Assignment:
Extract precisely the lines that run from the line containing "Aangename bungalow vlakbij zee en strand" to the end of the records below, with both ends included and pictures omitted.

Provided data:
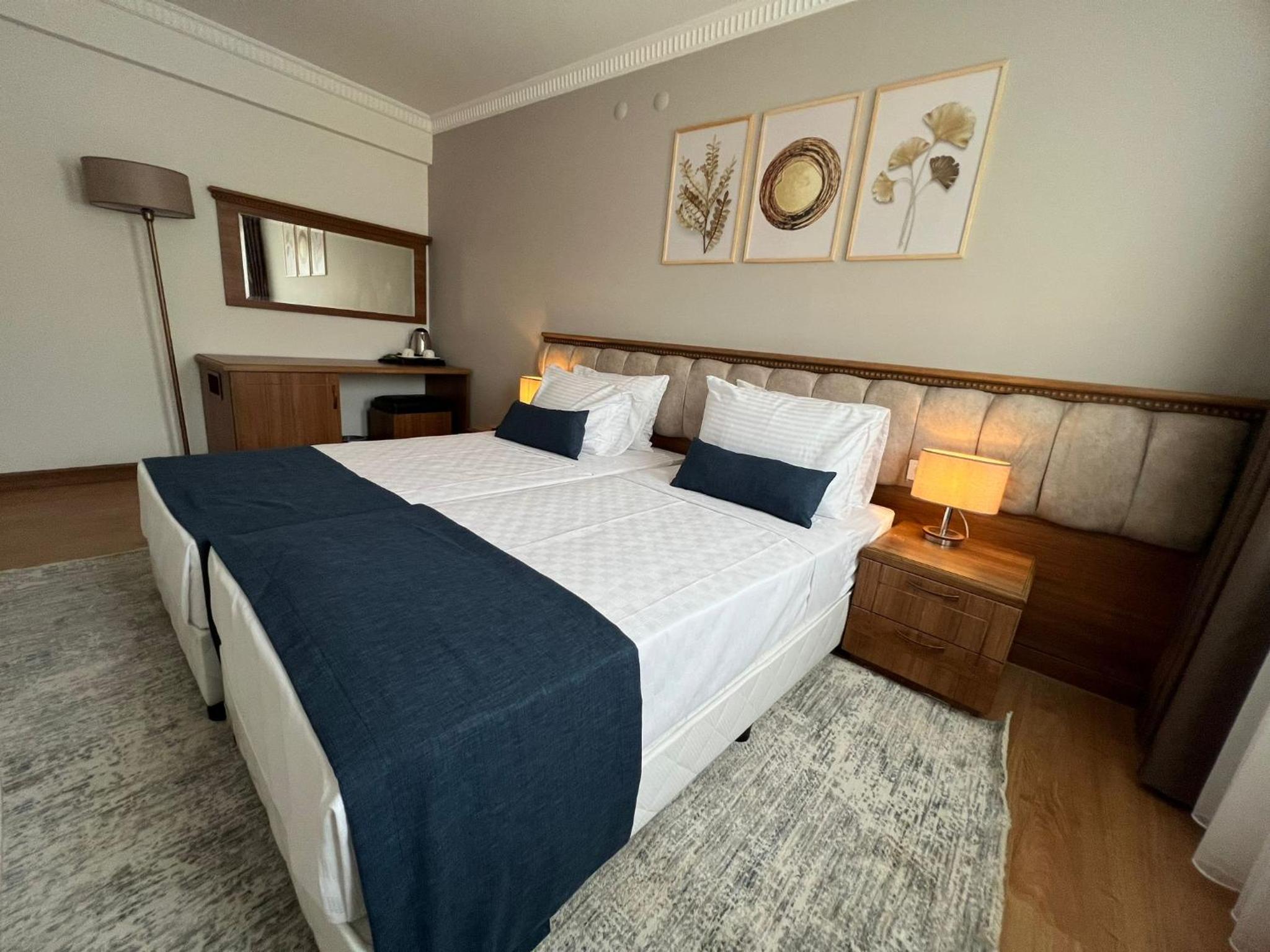 Double Room - Photo 2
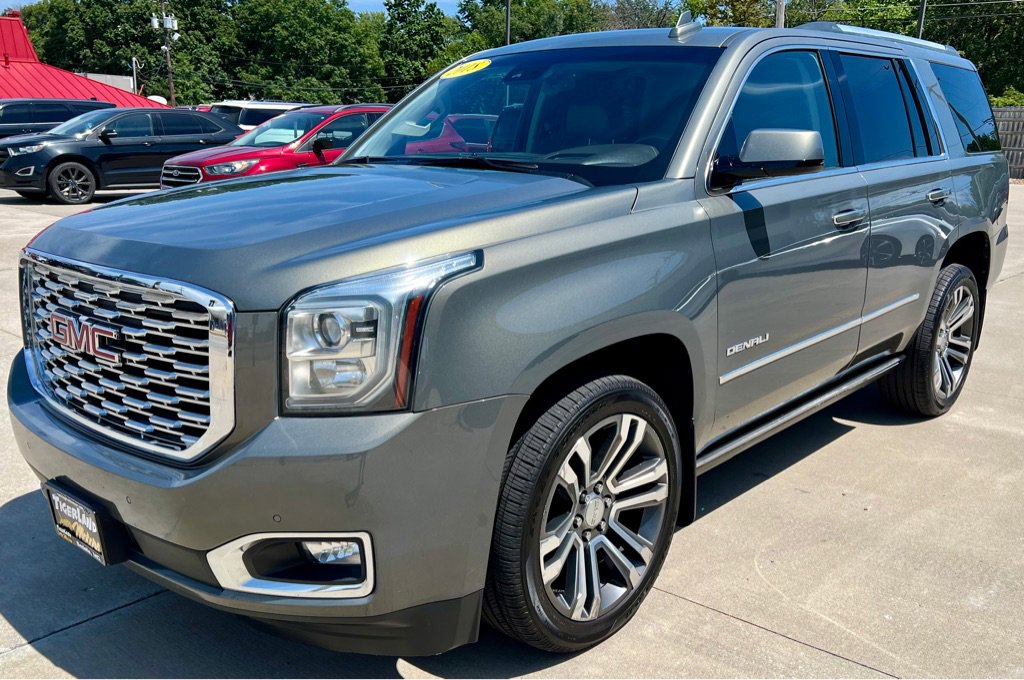 Used 2018 GMC Yukon Denali w/ Denali Ultimate Package image 3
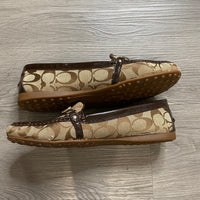 Load image into Gallery viewer, COACH Size 9 1/2 BOUTIQUE
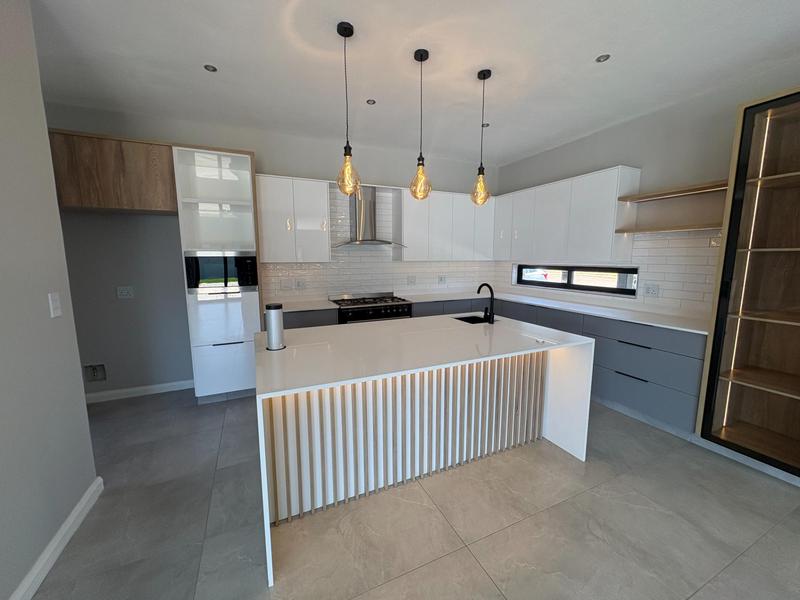 4 Bedroom Property for Sale in Midstream Heights Gauteng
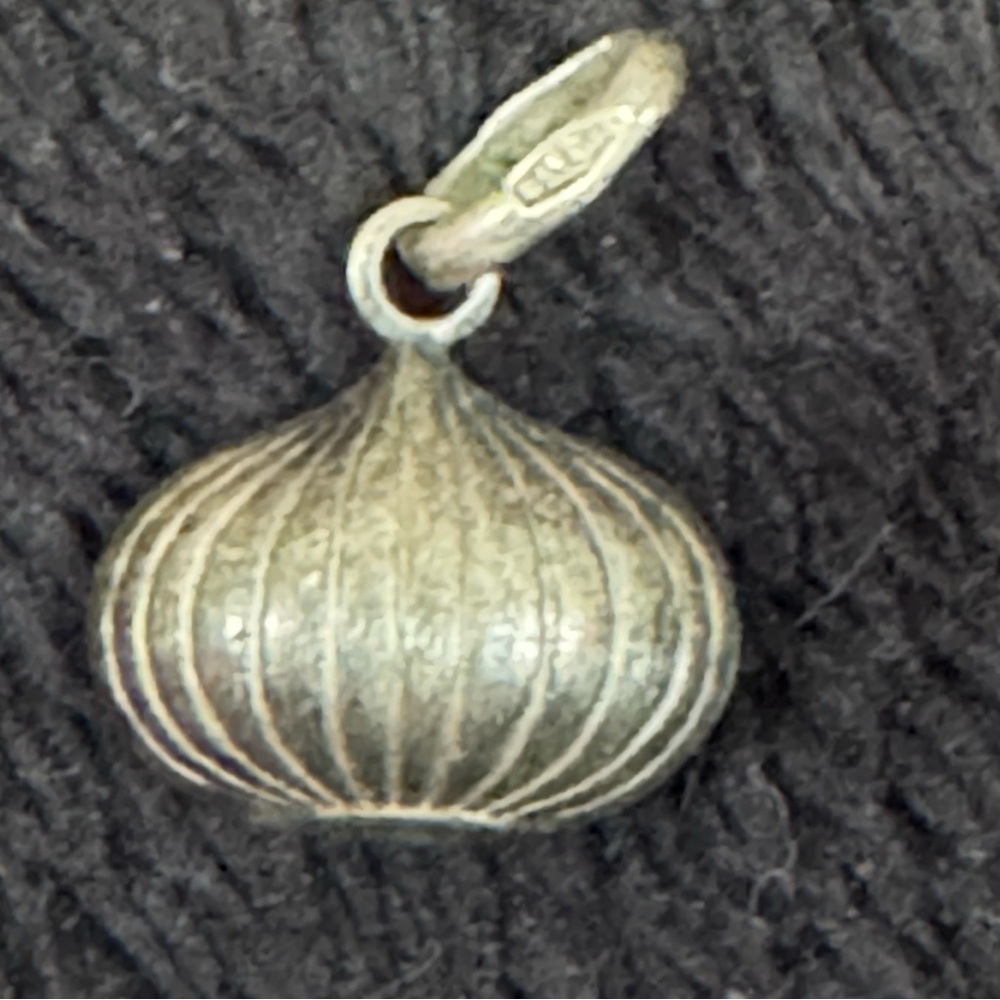Sterling Garlic Bulb Pendant or Charm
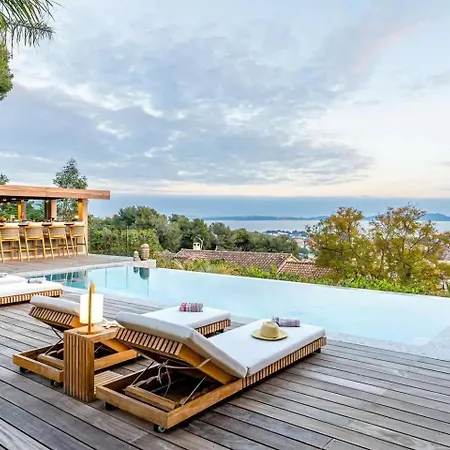 Contemporary With Hillside Views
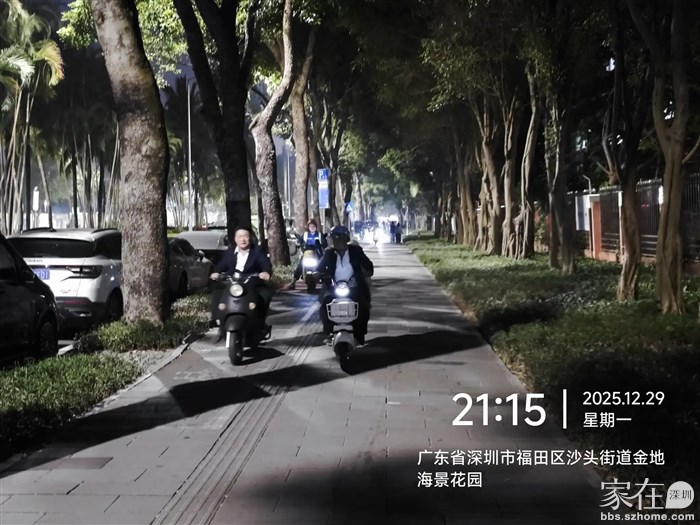 深圳啊，还让不让行人在人行道上安心的走路了。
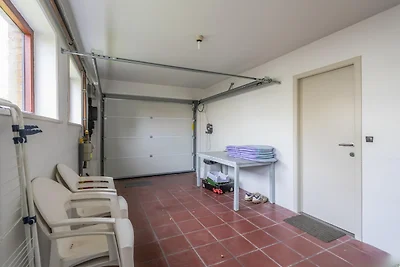 Aangename bungalow vlakbij zee en strand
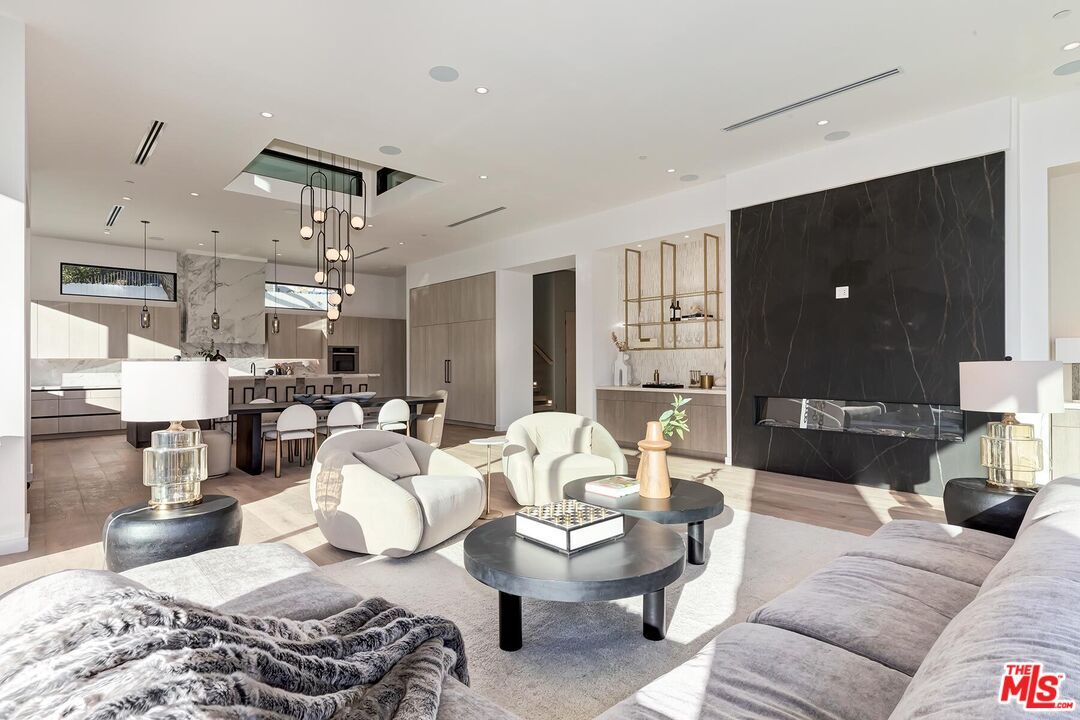 Fireplace, Interior, Kitchen, Living room, Marble Walls, Pendant Lights, Recessed Lighting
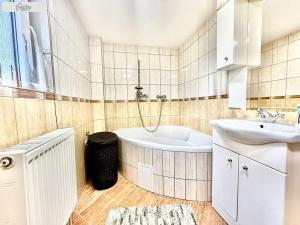 Prodej rodinného domu, Košťany - Střelná, Na Hampuši, 132 m2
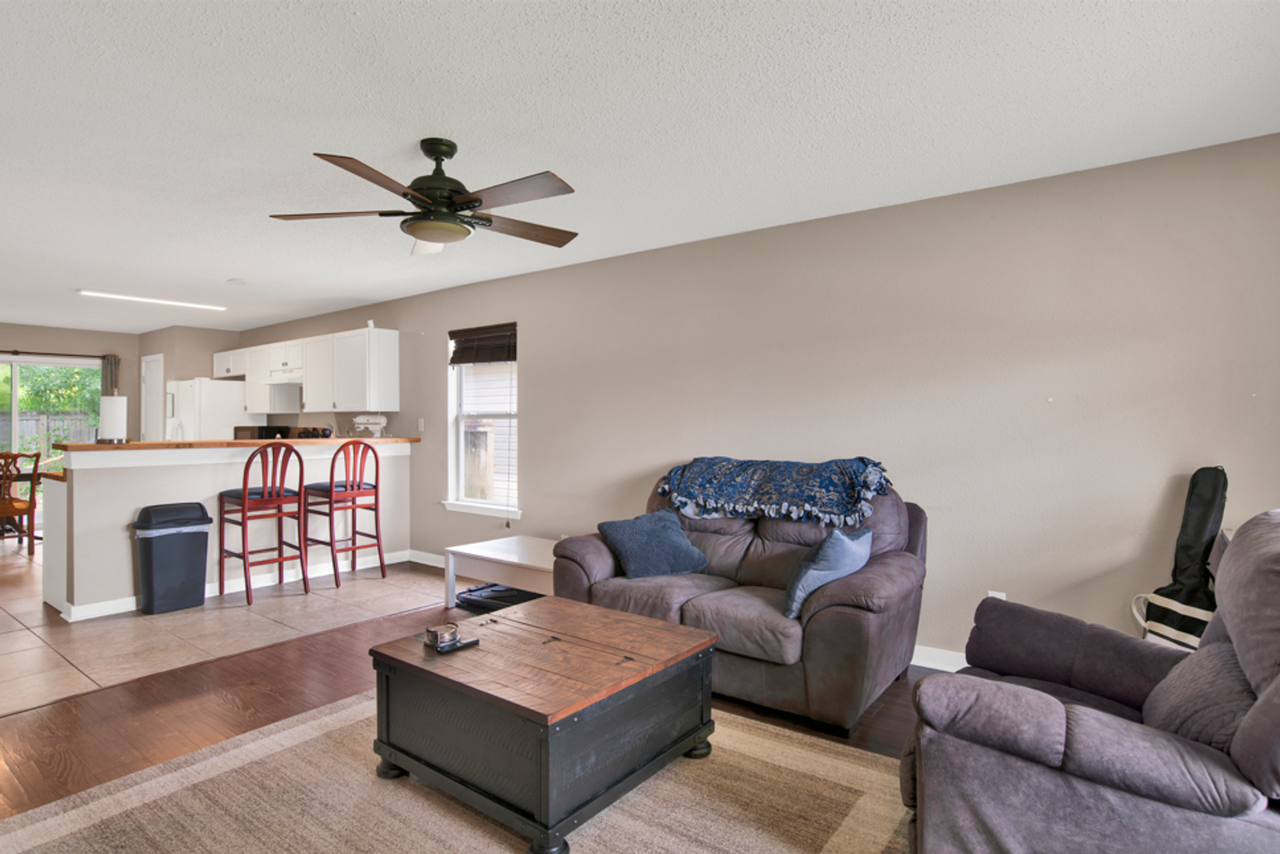 1059 Antigua Cir - Photo 5 of 21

Written solution:
 Aangename bungalow vlakbij zee en strand
 Fireplace, Interior, Kitchen, Living room, Marble Walls, Pendant Lights, Recessed Lighting
 Prodej rodinného domu, Košťany - Střelná, Na Hampuši, 132 m2
 1059 Antigua Cir - Photo 5 of 21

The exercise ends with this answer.